The effect of these changes is to make it easier to bring antitrust cases. Ferguson’s decision to keep the guidelines in place means there will be fewer mergers, acquisitions, and other business actions that will increase a business’s market share. Fear of being hauled into court to justify a merger or acquisition could cause businesses to abandon even the most beneficial transactions because the costs of defending them in court makes the transactions less profitable. This would obviously harm investors and owners of the businesses, but also workers and consumers. It is not surprising that Lina Khan and her Neo-Brandeisian allies fail to understand their policies’ unintended consequences. It is also disappointing to see the Neo-Brandeisianism of the last four years ratified by a Republican who claims to be a conservative. It is further disappointing to see support for increased antitrust prosecutions from an appointment of a Republican President—who was elected in large part because of widespread dissatisfaction with the economy and President Biden’s “government knows best approach.”
Some progressives have said Chair Ferguson’s decision to keep the merger guidelines in place reflects the new bipartisan consensus regarding antitrust. It is true that many on the left and the right support a more aggressive use of antitrust, particularly against big tech. However, there is also dissension from the Neo-Brandeisians’ agenda in both parties. Free-market conservatives and libertarians vigorously opposed Lina Khan’s reshaping of antitrust policy during the Biden years.
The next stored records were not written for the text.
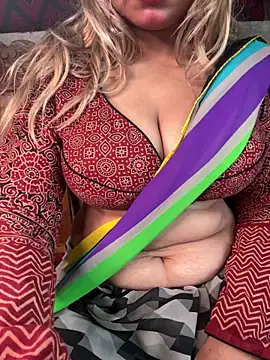 Snapshot of CANDY-3 chatting on September 24, 2025, 1:31 am CANDY-3 online show from September 24, 2025, 1:31 am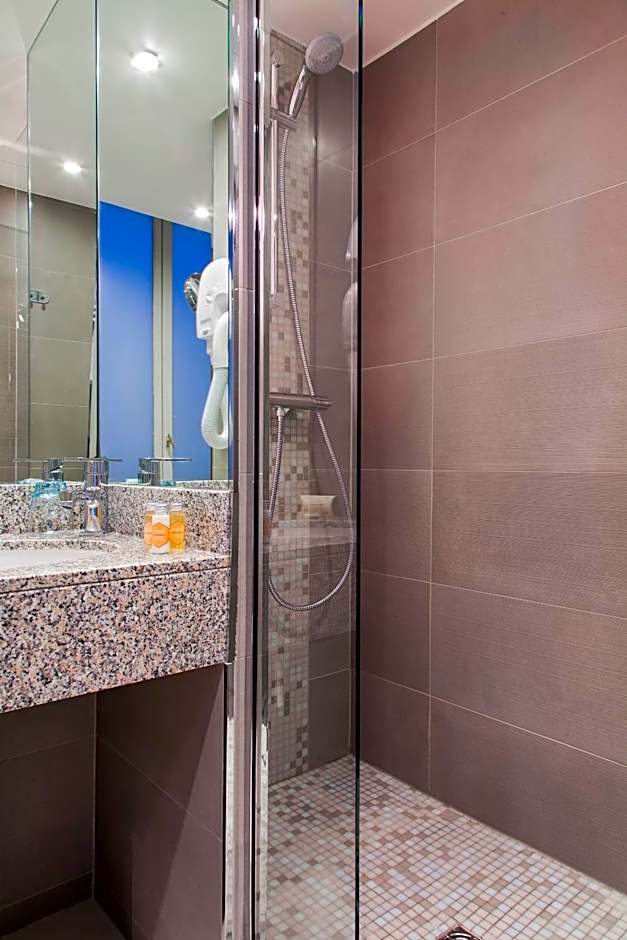 Timhotel Opera Blanche Fontaine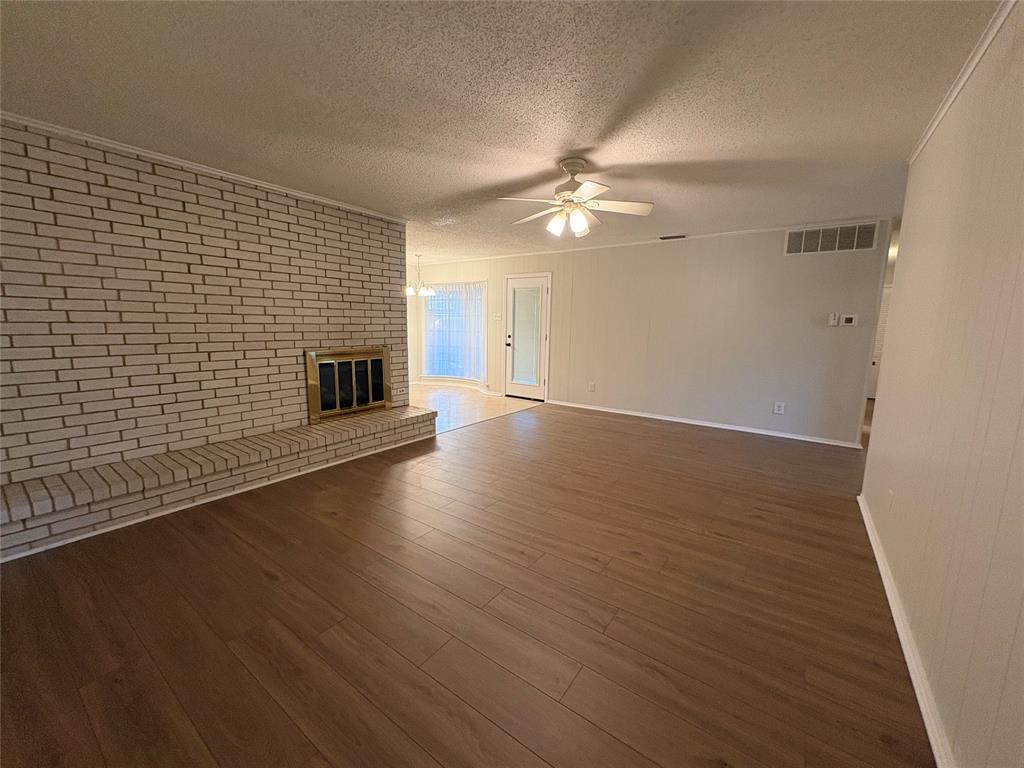 Ridgewood Park 04 - Residential Lease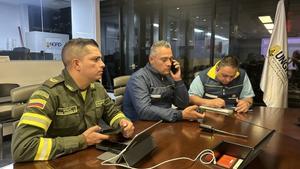 Miembros de la Unidad Nacional para la Gestión del Riesgo de Desastres trabajando en la emergencia por el derrumbamiento en Colombia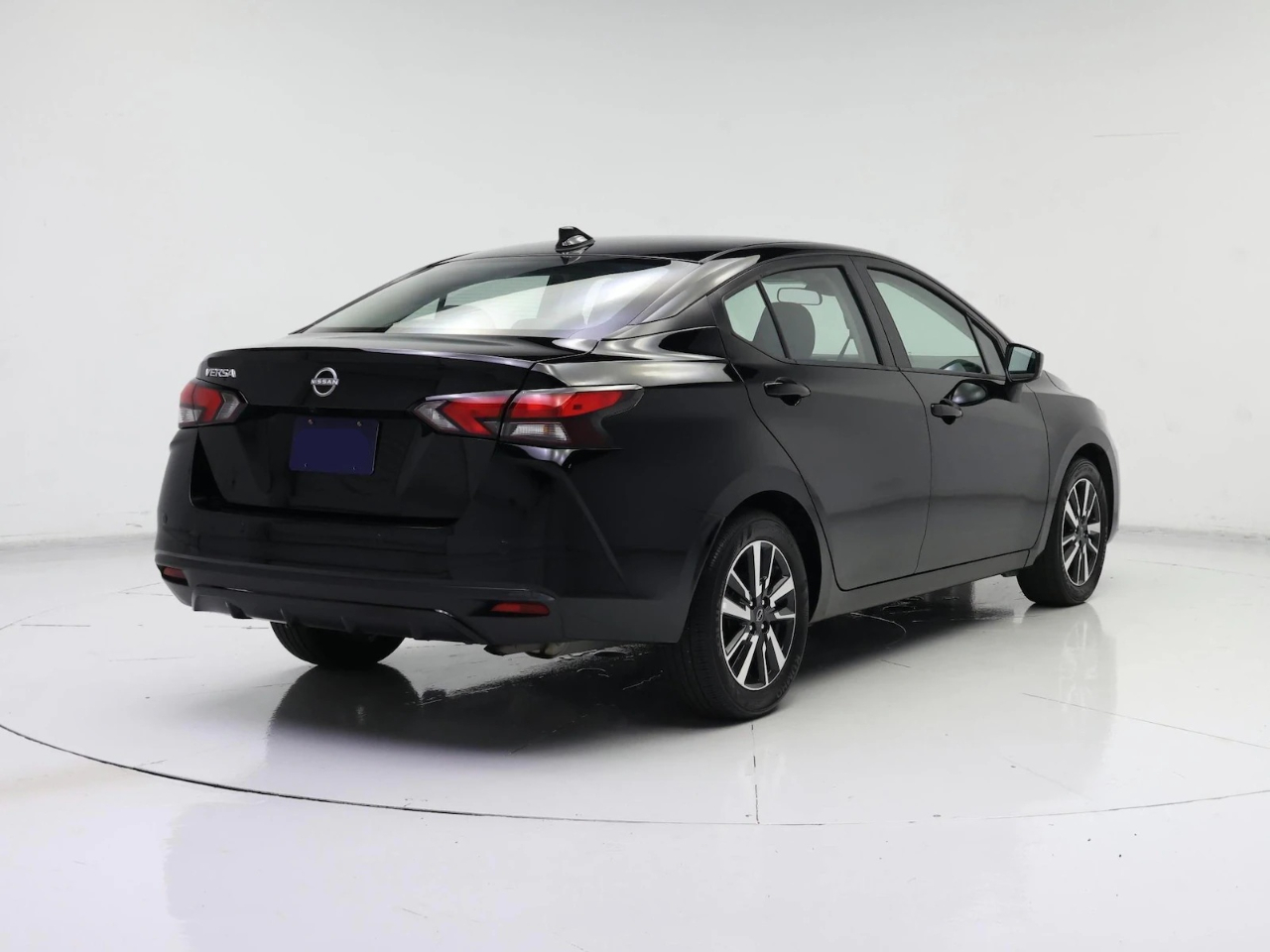 Nissan Versa SV 2025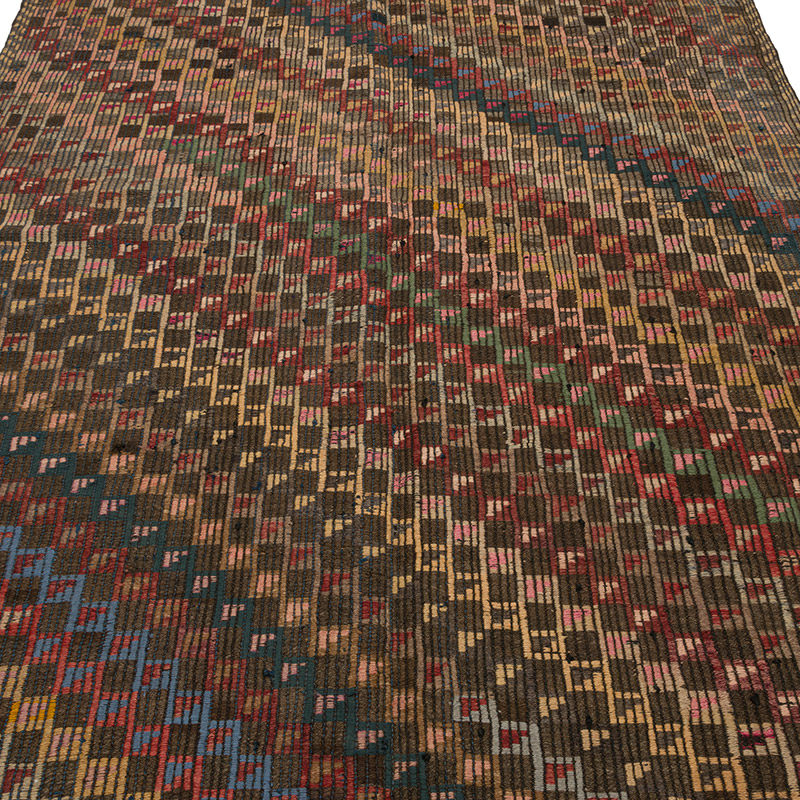 Vintage Anatolian Jijim Rug - 5' 3" x 8' 10" (63" x 106") - K0085372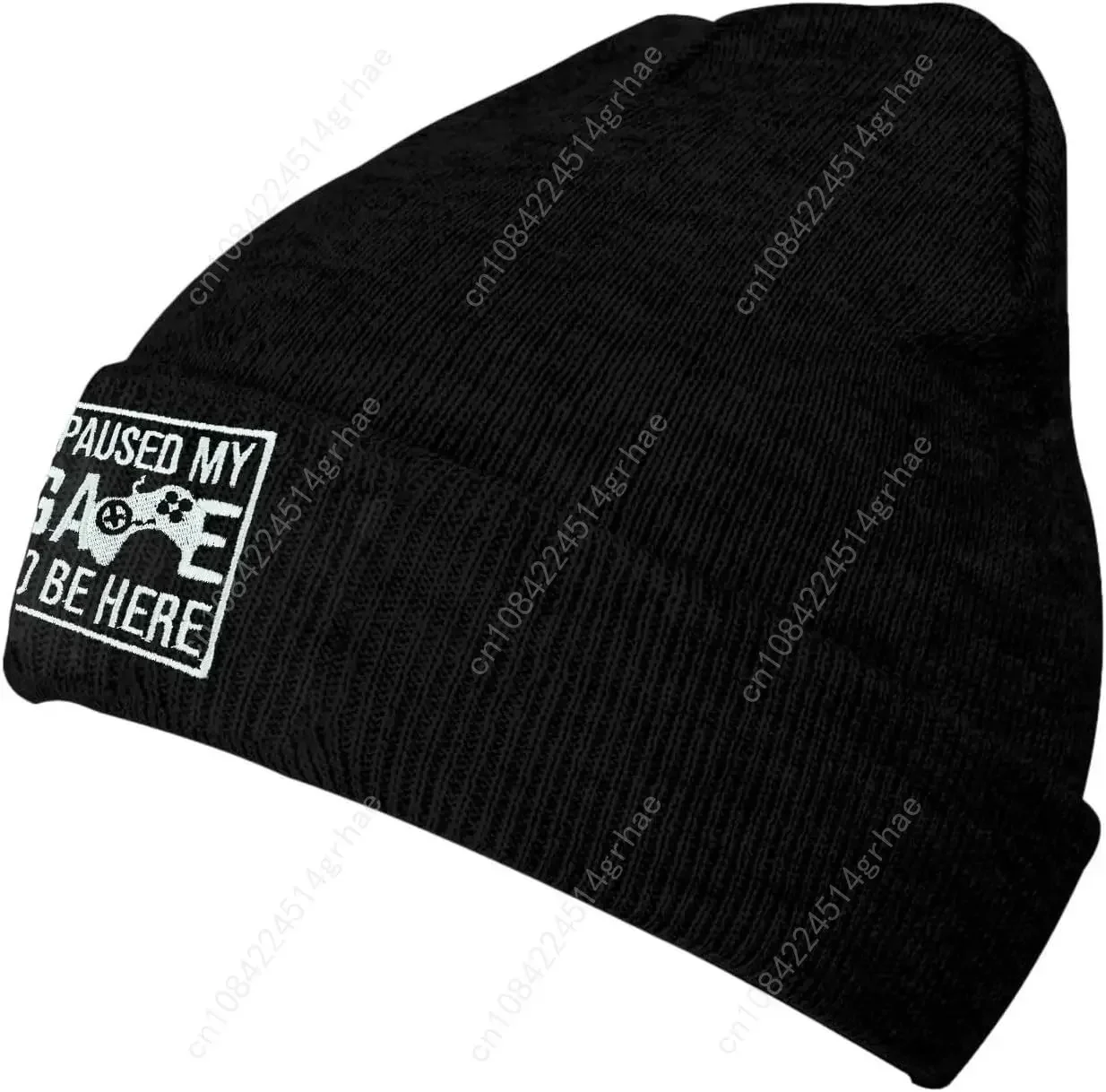 قبعة بيني مطرزة على شكل سمكة،  - مراجعة Beanie Cuffed Knit وسعره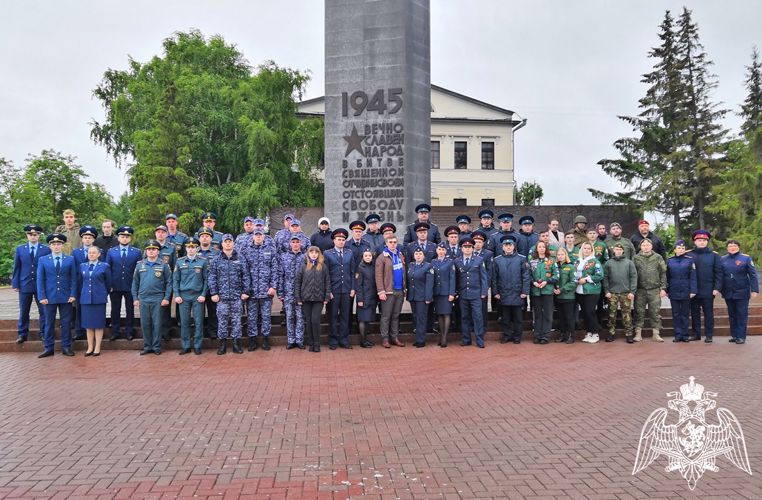 Росгвардейцы в День памяти и скорби присоединились к международной акции «Свеча памяти» в Тюменской области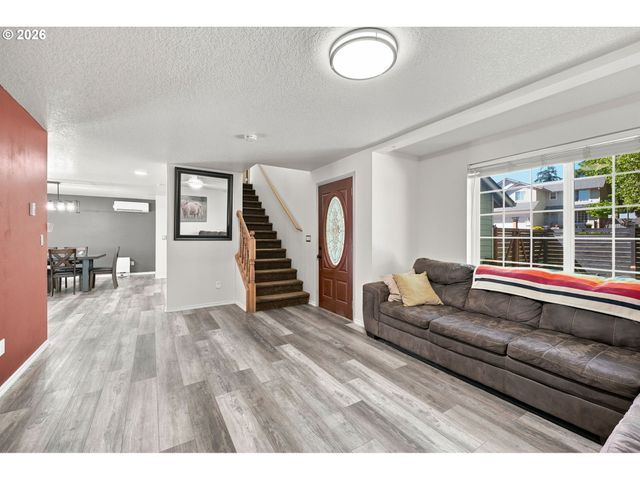 8292 Ne SNOWBERRY Loop, Vancouver, WA 98660
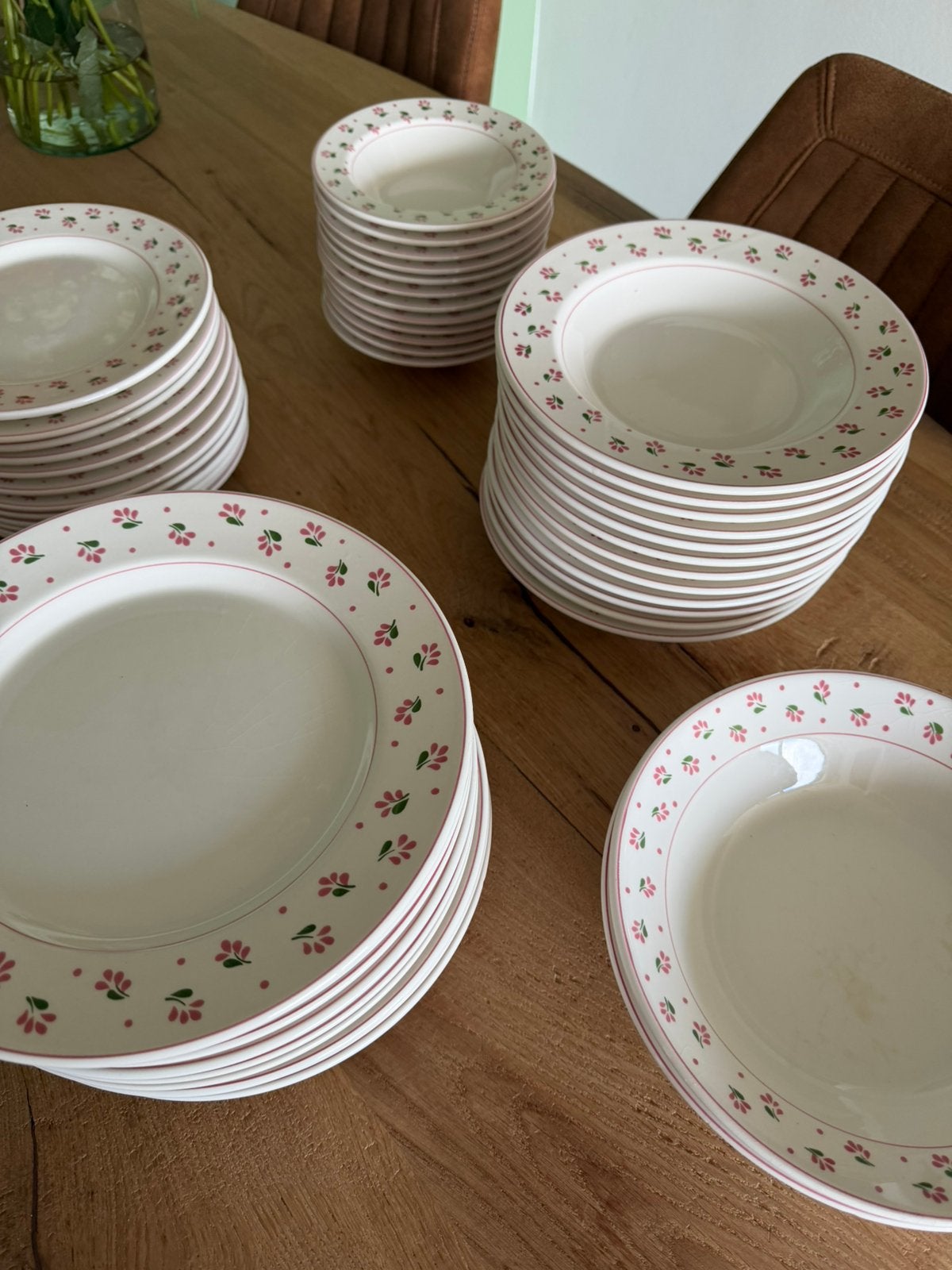 12-delig roze gebloemd servies, Ophalen, Gebruikt, Landelijk/Boerenbont, Aardewerk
The free-market right will push back on Ferguson’s Khanservatism in hopes of convincing him to adopt a market-friendly approach as he promised he would before being picked to chair the agency. The pushback may grow if Ferguson aggressively pursues antitrust cases that damage the economy, thus hurting Republican candidates in what is typically a tough election year for the party that controls the White House.”
Ferguson’s move has sparked debate among conservatives. Some on the right, labeled “Khanservatives,” support a more aggressive use of antitrust against big tech and “woke” corporations. But as Singleton notes, true free-market conservatives and libertarians reject this approach and will continue pushing Ferguson to uphold his original promise of restoring sanity to antitrust enforcement.